Если у Некрасова ещё жива утопия (пусть даже ютится она только в языке, его вывертах и выгибах), то Сухотин обращается к читателю уже из пространства после утопии, после распада спаянных смыслов и сквозь попытку найти простейшие основания для речи, простые чувства, понятные эмоции. Обосновывает такое возвращение к простоте тоже опыт Файнермана — так в одном из стихотворений цитата из него (курсивом) вплетается в сухотинский текст, как будто перебирающий те элементы, из которых может родиться стихотворение:

похоже на где-то у Миши

прилив
отлив

сочувствие
целесообразность

я стесняющихся я
расходящихся на время в…

чтобы мы собирались вместе
Господь завел тоску
видно, мало ему показалось насмешек

Две последние цитаты — из одного стихотворения, но оно набрано, по-сухотински прихотливо, в две колонки: слева первый процитированный текст, а справа — второй. В каких они находятся отношениях? Отражаются друг в друге как текст и маргиналии к нему — как это было в “Центонах”, или это две параллельные глоссы к одному и тому же отсутствующему тексту? Или к тексту жизни Файнермана и других несчастных художников слова? Эта книга все время ставит читателя перед такими вопросами, загадывает загадки, на которые в общем-то нет ответа. 

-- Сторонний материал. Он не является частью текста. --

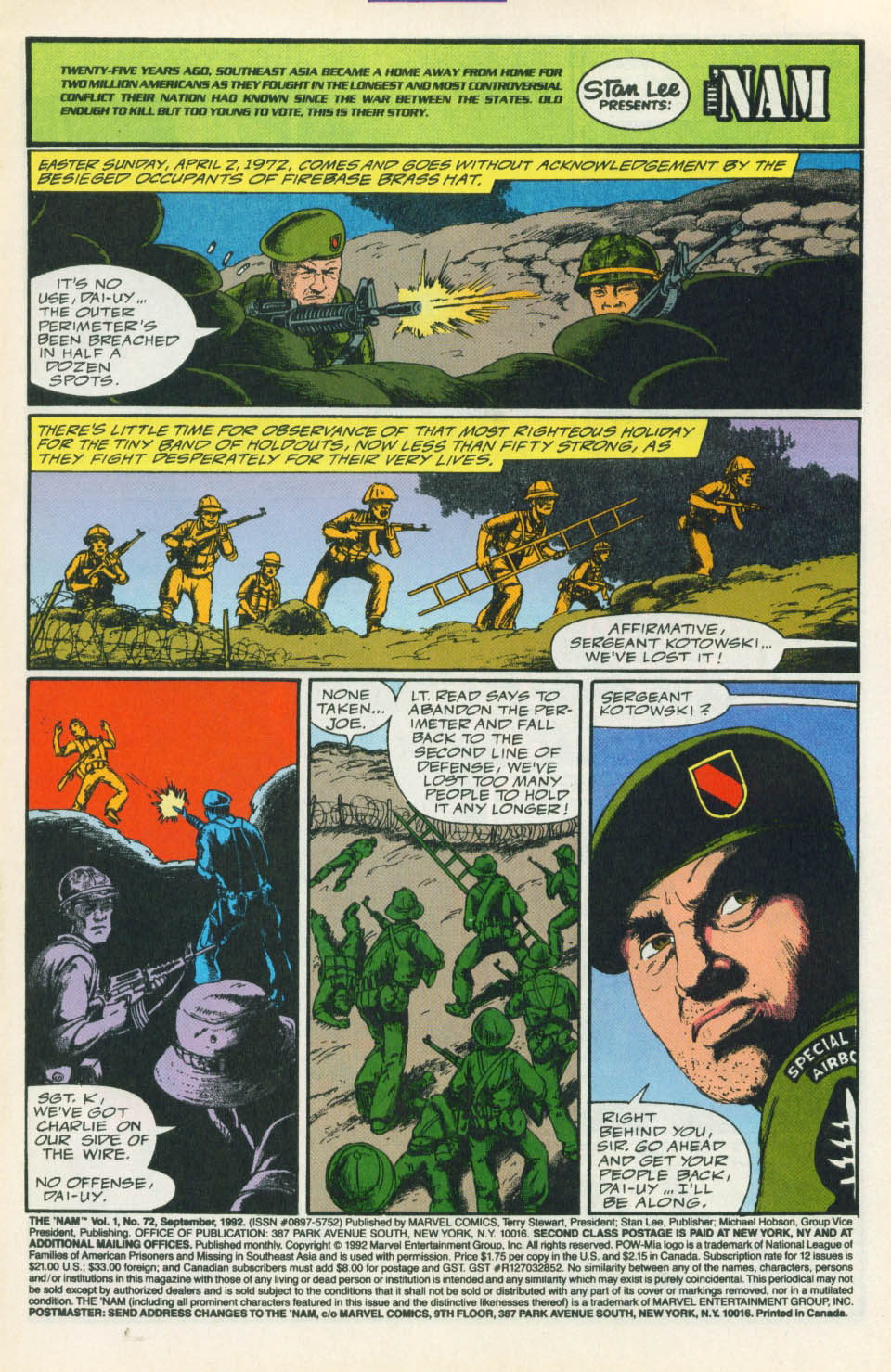 Read online The 'Nam comic -  Issue #72 - 2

Я бы предложил воспринимать такую позицию как эстетическую — позицию отказа от намёка на утопию, от порождения смыслов, планов, стремления изменить хотя бы поэтическую речь. Конечно, в такой позе как будто всегда есть лукавство, и сам поэт как будто ловит себя на нем, подчёркивая — это не самый заметный, но устойчивый мотив в книге — что доступ к тому, что “внутри”, получить невозможно и что “нам” доступны только колебания на поверхности вод:

эти мы эти мы эти

мы не можем
снаружи 
сказать
о внутри я
что он был есть и будет           в буре со мной в океане бурь и со мной на бумаге будь и

даже если один

даже если он один есть
значит оно состоялось

Но в этом постоянном ускользании есть и вполне устойчивая черта — отношение к (некоторым) коллегам по цеху. Так, одно из стихотворений представляет собой — вполне в духе пожилого Некрасова — пустую страницу со сноской: “искусство оно простите тоже не только знаете для кураторов или искусствоведов”. Но в этом адресованном непонятно кому уколе можно различить следы непреодолённой утопии — ожидание подлинного зрителя-слушателя, того, кто не читает литературу профессионально, кому произнесённые в нужный момент некрасовские слова о веточках и водичке будут нужны как воздух. Может быть, такой читатель или зритель искусства существует, может быть, надежда на то, что мы, поэты, еще кому-нибудь нужны, придаёт сил для письма. Но вполне может быть, что самое время отказаться и от этой надежды.